PH.D Dissertation on "Deep Learning Classification of Brain Neurophysiological Signals Using Heterogeneous Computing"
A PH.D dissertation was discussed in Department of Computer Engineering / College of Engineering / University of Mosul entitled "Deep Learning Classification of Brain Neurophysiological Signals Using Heterogeneous Computing" submitted by ( Ali Mukhlif Ahmed Al-Saegh), Supervised by Prof. Dr. Shefa A. Dawwd and Prof. Dr. Jassim M. Abdul-Jabbar on Tuseday, Jan. 04, 2022.

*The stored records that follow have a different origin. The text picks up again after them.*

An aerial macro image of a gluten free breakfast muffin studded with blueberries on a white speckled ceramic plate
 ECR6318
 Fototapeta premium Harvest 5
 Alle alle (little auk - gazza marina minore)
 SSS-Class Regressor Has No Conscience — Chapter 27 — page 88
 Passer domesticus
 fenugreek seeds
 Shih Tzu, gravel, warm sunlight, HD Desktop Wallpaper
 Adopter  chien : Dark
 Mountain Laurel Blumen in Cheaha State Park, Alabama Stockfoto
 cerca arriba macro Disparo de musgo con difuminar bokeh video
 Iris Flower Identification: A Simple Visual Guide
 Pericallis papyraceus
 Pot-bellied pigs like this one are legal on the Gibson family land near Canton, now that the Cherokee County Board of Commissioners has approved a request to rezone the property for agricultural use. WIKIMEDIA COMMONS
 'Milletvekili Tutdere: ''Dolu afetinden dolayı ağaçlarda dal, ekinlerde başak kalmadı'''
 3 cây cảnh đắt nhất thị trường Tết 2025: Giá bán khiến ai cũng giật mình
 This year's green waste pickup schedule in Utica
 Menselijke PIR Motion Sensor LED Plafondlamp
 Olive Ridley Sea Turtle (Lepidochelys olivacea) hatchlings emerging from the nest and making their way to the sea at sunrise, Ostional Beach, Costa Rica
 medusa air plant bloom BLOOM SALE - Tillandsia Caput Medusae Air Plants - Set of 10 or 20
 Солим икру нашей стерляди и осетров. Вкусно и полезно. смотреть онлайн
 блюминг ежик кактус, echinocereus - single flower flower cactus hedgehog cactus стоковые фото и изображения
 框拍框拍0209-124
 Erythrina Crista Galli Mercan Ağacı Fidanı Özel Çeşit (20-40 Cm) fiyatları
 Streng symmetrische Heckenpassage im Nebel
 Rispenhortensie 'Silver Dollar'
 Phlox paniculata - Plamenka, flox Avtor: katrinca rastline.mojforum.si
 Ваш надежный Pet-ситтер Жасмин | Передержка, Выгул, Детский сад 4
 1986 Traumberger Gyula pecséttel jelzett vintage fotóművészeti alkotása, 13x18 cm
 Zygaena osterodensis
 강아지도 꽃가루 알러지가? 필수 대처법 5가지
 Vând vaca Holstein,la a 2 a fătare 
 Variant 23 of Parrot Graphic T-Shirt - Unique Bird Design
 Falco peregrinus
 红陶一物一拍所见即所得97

The dissertation proposes a novel data augmentation method for enlarging already available EEG datasets. The proposed CutCat augmentation method generates EEG trials from inter- and intra-subjects and trials. The method relies on cutting a specific portion from an EEG trial and concatenating it with another portion from another trial from the same subject or different subjects. The method has been tested on shallow and Deep Convolutional Neural Networks (DCNN) for the classification of motor imagery MI EEG data.
Two types of input formulations namely images and time-series have been used as input to the neural networks. Short-Time Fourier Transform (STFT) is used for generating training images from the time-series signals. The experimental results demonstrate that the proposed augmentation method is a promising strategy for handling the classification of small-scale datasets. Classification results of two EEG datasets show advancement in comparison with the results of state-of-the-art researches.